From Rome, however, Bruno succeeded to convince them to take up once more "desert life" under the direction of Landuino, whom he indicated as superior. The group reconvened in the abandoned hermitage. Yet Bruno’s soul, now quite used to solitary prayer and to constant speaking to the Lord, did not find itself rested and content in the surroundings of the Pope’s court at that time; much less in the distractions provoked by his works. From here the great nostalgic feeling of Bruno for the silent desert was reawakened.

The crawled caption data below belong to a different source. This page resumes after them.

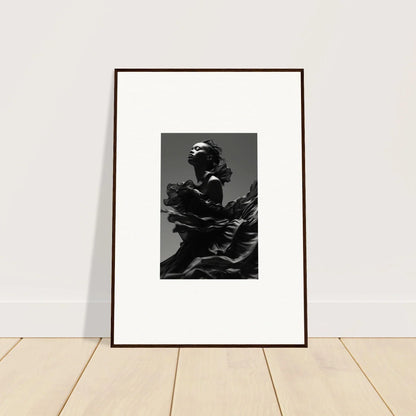 Framed black and white sculptural figure art for elegant room decor in Twilight Reverie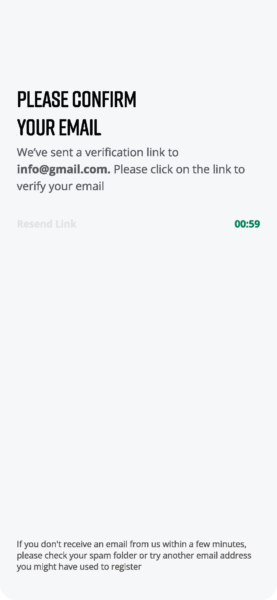 Cinq App Confirm Email Screen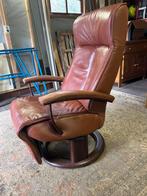 Elektrische Sta-op Stoel Cognac Leer - 100% Werkend, Huis en Inrichting, Fauteuils, Ophalen, Gebruikt, Leer, 75 tot 100 cm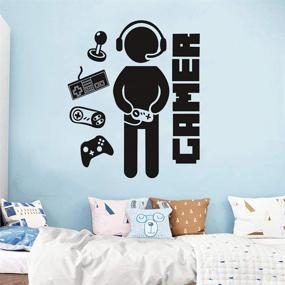 img 3 attached to 🎮 Gamer Boy Wall Sticker - Poorminer Eat Sleep Game Decal, Vinyl Art for Kids Room, Video Game Wall Poster, Lettering Murals for Boys Bedroom Playroom Home Decor (Gamer-6)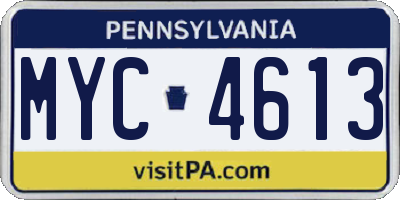 PA license plate MYC4613
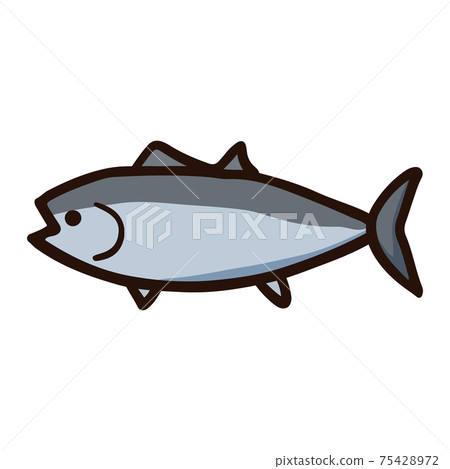 Simple and cute tuna illustration handwritten style 75428972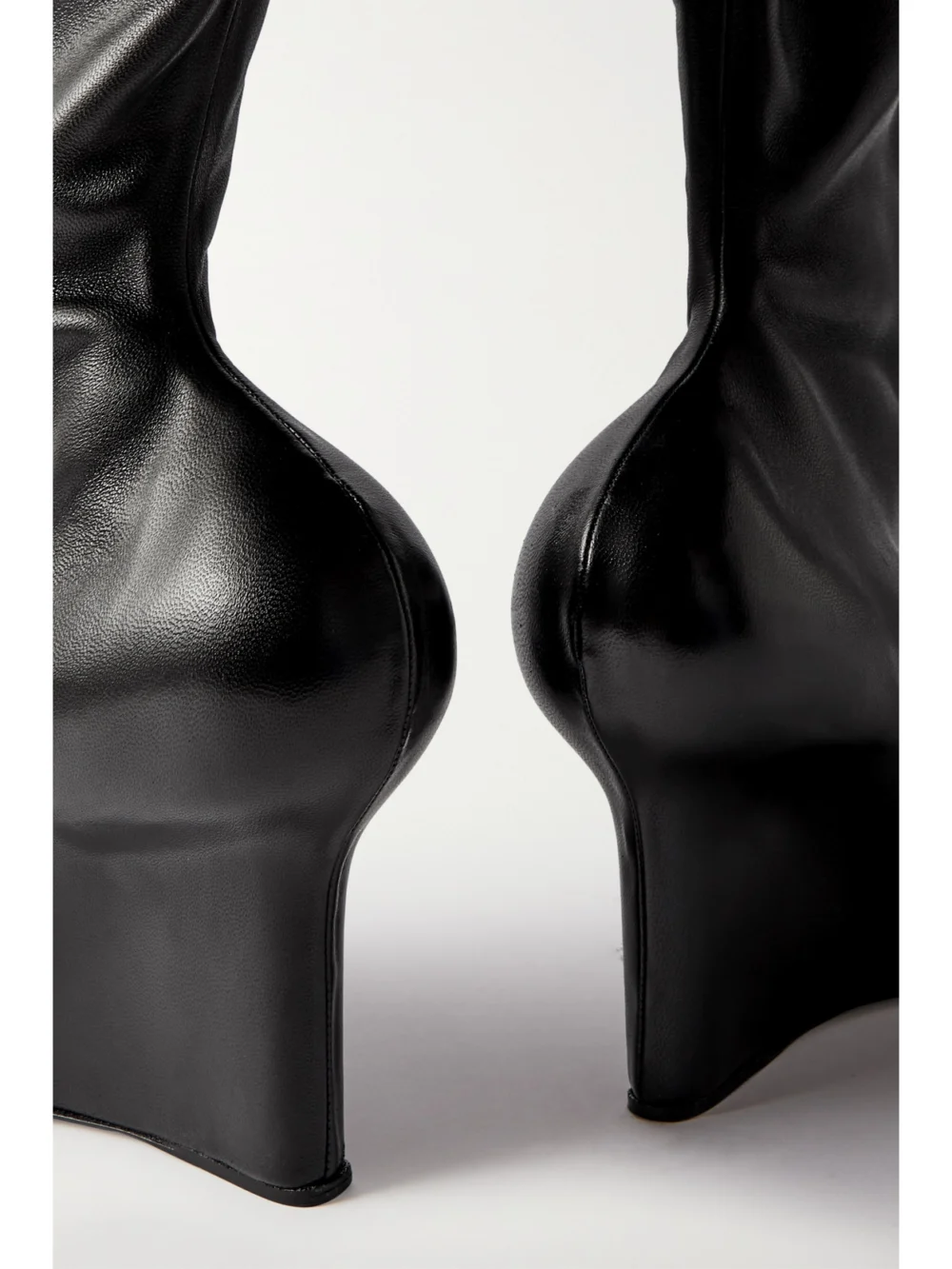 Close-up detail of the Givenchy Leather Over-the-knee Wedge Boots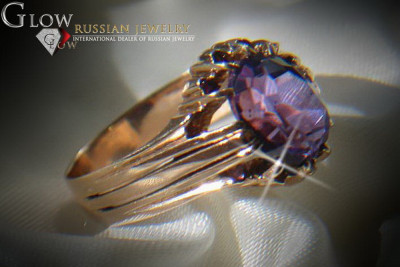 Bague Russe Soviétique Rose Or 14K Alexandrite Rubis Émeraude Saphir Zircon 585 vrc013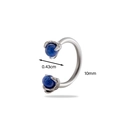Surgical steel horseshoe piercing ring with blue stones and claw setting, 10mm diameter - Deep Blue (10#)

It so happened that Urban II had to flee from Rome, since the German emperor Henry IV and antipope Guibertus – known as Clement III – had invaded the pontifical territories. Bruno transferred himself with the papal court and thus found himself in southern Italy. On a proposal made by Pope Urban the canons of Reggio Calabria chose him to be archbishop. He declined the mitre out of love for his contemplative vocation and wishing to find oneself as soon as possible that solitude and silence which his heart so much wished for. Then he obtained permission to retire in solitude within the Norman states which had recently been conquered by Count Roger of Altavilla. Bruno at last found again his cherished solitude with God and the purity of his talking with Him.
Generous Count Roger offered him land in the locality called Torre, some 850 metres high, in the sheart of the Calabria «Outback», now known as central-south Calabria.
There, Bruno founded the Santa Maria hermitage, while at a bit less than 2 km more towards the valley – where the present-day Charterhouse is built – he founded for the lay brothers the monastery of Saint Stephen.